I have a workstation that has 2 NICs and Vmware Workstation 11 installed. I would like to have multiple VMs running on different VLANs at the same time. I know with ESXi I can add different VLAN tags on different switches, but how can I do this on Workstation? Is it even possible to do this? The switchport that the second NIC is patched to is a trunk with the VLANs I need tagged.
Thanks in advance.
Unless it has changed in the past couple of versions, NO, this is not possible with Workstation.

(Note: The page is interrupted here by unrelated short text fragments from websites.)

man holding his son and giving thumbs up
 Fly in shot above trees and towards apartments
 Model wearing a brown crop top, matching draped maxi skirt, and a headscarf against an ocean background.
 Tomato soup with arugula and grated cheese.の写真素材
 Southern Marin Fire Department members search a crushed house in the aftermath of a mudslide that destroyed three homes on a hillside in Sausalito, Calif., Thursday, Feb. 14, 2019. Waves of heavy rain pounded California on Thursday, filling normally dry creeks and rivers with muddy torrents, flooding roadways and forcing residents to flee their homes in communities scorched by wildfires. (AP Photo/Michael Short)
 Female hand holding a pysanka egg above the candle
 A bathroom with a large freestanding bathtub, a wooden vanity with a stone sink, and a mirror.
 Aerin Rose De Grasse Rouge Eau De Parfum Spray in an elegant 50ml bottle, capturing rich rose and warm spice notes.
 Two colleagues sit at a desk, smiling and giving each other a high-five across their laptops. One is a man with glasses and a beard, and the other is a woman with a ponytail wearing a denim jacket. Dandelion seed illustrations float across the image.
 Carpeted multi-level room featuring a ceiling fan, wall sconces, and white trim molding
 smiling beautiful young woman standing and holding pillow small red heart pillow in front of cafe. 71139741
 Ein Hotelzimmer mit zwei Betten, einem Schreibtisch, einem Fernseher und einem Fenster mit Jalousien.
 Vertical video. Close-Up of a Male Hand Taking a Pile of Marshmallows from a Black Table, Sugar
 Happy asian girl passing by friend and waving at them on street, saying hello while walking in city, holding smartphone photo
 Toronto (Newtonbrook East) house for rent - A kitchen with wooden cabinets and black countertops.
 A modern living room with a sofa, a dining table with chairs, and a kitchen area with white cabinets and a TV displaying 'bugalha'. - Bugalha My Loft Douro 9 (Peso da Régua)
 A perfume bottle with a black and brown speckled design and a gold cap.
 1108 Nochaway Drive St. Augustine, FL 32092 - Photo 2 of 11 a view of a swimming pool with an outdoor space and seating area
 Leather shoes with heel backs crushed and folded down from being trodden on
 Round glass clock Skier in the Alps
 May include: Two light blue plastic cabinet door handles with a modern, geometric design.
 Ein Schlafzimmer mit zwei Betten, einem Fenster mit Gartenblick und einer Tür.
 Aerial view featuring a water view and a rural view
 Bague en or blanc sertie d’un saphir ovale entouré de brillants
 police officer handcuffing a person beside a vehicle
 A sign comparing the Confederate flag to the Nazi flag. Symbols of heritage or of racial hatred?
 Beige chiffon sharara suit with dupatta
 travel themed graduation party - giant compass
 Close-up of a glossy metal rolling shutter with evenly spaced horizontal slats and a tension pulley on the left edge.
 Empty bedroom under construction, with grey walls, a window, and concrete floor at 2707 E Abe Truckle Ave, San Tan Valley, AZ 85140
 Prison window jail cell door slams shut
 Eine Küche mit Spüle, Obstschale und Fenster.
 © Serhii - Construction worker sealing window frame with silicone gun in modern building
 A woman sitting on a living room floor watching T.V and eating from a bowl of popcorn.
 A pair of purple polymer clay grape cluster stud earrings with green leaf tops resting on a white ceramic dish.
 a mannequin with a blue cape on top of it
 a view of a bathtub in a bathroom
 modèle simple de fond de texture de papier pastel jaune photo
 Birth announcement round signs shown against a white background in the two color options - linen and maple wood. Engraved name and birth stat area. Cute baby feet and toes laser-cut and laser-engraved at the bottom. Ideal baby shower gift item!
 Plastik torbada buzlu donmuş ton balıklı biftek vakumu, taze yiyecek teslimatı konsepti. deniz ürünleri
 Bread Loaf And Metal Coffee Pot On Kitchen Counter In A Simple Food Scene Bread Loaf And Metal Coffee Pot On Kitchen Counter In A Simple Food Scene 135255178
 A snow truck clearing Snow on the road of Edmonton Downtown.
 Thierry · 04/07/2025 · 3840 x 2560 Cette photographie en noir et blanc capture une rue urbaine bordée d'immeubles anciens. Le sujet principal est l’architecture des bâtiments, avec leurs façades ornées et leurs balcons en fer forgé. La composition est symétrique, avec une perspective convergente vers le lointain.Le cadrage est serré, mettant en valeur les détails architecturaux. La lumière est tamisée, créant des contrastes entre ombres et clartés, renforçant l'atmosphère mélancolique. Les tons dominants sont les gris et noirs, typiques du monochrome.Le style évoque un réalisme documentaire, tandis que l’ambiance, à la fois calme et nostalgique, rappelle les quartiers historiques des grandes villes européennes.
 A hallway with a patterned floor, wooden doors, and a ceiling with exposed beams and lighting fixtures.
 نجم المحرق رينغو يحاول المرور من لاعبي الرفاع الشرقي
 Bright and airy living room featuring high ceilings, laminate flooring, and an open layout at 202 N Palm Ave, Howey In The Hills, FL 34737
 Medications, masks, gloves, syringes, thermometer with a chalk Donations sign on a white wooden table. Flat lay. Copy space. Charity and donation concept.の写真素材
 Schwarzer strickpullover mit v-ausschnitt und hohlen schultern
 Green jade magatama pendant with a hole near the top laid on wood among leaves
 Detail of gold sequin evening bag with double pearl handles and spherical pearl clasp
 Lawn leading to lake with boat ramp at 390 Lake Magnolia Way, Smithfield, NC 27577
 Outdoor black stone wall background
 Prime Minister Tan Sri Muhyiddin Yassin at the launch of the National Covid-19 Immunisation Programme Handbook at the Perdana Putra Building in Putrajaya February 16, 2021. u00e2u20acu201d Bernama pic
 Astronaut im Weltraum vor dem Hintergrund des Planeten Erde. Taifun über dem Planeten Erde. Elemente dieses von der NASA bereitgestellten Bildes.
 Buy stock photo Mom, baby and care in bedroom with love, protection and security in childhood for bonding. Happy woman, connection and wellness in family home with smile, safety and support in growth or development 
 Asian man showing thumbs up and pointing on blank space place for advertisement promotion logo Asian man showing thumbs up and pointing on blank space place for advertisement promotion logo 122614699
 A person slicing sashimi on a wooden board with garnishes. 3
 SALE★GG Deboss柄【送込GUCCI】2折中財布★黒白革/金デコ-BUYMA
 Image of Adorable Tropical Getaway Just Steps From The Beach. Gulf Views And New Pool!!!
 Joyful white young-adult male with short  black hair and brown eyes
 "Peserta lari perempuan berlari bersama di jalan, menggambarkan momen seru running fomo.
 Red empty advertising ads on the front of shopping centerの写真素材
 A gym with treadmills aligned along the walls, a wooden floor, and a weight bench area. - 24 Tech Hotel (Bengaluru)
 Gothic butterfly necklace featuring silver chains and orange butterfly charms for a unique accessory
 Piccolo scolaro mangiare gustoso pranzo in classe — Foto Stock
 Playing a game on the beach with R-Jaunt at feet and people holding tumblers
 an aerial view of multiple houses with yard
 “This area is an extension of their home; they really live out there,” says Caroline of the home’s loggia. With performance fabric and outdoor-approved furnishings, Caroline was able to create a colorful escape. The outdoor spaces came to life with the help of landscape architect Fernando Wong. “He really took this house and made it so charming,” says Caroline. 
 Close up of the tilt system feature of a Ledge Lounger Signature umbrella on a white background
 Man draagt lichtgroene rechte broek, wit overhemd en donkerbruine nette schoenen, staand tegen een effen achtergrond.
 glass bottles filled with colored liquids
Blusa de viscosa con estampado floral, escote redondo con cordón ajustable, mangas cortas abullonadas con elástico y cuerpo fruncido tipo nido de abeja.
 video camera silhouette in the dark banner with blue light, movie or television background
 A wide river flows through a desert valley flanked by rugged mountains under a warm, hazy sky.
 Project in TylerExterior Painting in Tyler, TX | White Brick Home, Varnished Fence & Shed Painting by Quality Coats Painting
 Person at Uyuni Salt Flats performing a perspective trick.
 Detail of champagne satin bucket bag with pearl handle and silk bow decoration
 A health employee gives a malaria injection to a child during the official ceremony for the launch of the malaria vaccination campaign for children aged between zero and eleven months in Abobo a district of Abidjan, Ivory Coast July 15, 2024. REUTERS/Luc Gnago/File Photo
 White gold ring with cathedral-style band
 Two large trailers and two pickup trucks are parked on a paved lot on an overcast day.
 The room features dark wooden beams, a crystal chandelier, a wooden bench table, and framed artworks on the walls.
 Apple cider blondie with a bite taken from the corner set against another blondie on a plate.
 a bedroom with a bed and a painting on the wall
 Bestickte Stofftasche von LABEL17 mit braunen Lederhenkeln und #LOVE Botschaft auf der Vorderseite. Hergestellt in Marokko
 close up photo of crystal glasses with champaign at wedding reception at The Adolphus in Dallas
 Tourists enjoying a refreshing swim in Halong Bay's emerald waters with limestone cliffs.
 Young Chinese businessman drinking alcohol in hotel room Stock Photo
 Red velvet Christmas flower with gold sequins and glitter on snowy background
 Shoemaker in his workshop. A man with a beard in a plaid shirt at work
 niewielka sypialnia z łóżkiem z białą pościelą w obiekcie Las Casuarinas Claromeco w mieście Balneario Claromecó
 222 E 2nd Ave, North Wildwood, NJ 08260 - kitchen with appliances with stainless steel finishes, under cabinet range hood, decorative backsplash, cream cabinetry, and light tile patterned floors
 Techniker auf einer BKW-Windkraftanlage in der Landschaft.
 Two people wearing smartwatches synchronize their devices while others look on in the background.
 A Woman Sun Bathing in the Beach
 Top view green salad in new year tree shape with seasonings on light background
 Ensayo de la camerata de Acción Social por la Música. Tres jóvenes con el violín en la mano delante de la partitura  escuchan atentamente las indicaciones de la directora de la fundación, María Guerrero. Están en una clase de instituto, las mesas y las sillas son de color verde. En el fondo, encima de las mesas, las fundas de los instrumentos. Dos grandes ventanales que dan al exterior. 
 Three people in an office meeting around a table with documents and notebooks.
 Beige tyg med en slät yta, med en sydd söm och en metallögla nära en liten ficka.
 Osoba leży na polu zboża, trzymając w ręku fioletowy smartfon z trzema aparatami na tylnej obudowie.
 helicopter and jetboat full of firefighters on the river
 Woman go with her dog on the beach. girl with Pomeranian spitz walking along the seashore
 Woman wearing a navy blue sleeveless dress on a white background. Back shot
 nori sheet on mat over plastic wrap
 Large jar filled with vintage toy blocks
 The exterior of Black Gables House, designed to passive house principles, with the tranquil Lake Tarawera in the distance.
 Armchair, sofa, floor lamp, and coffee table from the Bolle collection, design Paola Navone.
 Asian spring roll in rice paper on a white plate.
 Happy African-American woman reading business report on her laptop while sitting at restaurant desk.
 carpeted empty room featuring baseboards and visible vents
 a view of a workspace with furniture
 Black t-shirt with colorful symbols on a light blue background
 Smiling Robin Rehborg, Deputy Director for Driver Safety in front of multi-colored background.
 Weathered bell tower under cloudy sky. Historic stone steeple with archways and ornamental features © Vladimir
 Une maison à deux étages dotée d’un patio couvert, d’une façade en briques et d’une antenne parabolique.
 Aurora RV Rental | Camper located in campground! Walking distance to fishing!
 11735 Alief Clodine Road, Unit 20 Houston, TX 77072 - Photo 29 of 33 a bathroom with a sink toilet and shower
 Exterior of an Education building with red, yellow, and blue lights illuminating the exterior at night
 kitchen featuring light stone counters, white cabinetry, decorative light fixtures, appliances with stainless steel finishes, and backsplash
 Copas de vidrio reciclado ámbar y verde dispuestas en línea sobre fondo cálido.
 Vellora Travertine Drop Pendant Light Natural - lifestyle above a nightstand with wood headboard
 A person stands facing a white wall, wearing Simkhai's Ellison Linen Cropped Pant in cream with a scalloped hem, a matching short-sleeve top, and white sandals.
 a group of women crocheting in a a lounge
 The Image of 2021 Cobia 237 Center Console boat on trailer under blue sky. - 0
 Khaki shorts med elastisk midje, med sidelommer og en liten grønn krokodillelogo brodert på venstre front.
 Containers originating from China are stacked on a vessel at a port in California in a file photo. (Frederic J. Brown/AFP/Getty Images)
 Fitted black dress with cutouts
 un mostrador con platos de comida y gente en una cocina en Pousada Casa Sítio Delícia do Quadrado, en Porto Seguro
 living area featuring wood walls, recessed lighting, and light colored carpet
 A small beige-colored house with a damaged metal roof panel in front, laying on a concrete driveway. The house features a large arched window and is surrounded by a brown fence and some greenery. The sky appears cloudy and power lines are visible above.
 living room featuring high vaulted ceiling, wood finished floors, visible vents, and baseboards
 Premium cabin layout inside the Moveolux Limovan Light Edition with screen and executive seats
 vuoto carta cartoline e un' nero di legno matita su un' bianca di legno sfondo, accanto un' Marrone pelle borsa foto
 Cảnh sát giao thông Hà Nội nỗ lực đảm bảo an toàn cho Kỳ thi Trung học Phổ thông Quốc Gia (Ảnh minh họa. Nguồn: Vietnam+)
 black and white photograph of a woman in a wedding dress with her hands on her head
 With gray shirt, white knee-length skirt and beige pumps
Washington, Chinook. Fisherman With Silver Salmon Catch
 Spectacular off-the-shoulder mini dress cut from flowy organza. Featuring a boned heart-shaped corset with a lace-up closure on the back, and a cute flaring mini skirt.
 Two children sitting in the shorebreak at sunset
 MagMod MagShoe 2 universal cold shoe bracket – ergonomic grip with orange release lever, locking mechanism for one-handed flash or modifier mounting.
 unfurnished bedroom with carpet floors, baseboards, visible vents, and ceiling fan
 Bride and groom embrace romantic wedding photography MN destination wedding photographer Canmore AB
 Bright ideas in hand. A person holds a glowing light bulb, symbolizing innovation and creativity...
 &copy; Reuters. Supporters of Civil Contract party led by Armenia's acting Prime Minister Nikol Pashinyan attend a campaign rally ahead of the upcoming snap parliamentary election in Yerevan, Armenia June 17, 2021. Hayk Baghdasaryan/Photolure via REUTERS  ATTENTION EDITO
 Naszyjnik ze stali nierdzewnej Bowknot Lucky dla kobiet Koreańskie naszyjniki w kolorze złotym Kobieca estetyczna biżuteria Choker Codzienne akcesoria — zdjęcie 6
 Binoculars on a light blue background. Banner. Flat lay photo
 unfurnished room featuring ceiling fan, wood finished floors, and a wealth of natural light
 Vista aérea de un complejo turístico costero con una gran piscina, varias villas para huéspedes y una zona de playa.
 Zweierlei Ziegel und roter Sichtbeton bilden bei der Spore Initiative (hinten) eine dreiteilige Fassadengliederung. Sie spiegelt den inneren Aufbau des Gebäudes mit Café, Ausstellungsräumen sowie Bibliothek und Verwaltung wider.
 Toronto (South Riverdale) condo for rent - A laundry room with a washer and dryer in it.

Hate to reply to an old thread, but I spent hours looking for a solution on a VMWare 12 system with a Windows 10 host.
First of all, switching to the vmxnet3 driver gave the option for VLAN tagging in the driver's advanced settings. Just change ethernet0.virtualDev to "vmxnet3" in your VM's .vmx file.
Once that was done, I discovered that you must disable "Priority & VLAN" on the HOST LAN adapter that you are bridging... otherwise it drops all of the packets that contain tags targeting the VM.
Hope this helps someone else!
Hey Confuzed, Please don't hate replying to old posts, just made my day.
It also works with Workstation 11.5
Mine too! :smileygrin:
Wow! Thank you so much. You are such a time saver
Then how should we set VLAN tag in guest OS? I just saw VLANID in device manager-->vmxnet3-->Advanced-->VLANID.
Do we have to set VLANID here? Or we can change it somewhere else? What about other Guest OSes? Like Mikrotik RouterOS? Or Linux? How can I use this valuable feature?
I tried this workaround and it didn't seem to work. I intend to configure VLANs inside the guests.
My setup:
When I send a packet out of the guest vlan20, it seems to work correctly:
However, receiving packets does not work as expected. When I send a packet out of "Remote" (on a VLAN virtual interface "vlan20"):
So it appears that the Intel NIC driver is, for some reason, stripping the VLAN tag, even though the host should know nothing about VLAN 20.
I even tried disabling "Priority & VLAN" and all other offload features, but it made no difference.
You can only do it on the same workstation host if your trying it doing two, I have it working on my workstation esxi lab using Sophos utm. Tagging a bridged interface doesn't seem to work.
A colleague and I figured it out! It turns out the Intel driver was stripping the VLAN out of the frames.
This article explains how to enable "Monitor Mode" for the NIC. Apparently the "VMware Bridge Protocol" operates at the same level as a "sniffer":
My Sniffer Isn't Seeing VLAN, 802.1q, or QoS Tagged Frames
Set "MonitorMode" or "MonitorModeEnabled" (or both if you're not sure!) to "1".
Did you get tags to pass through though to a vm though? I can see the tags on the bridged adapter, but they never make it out or in.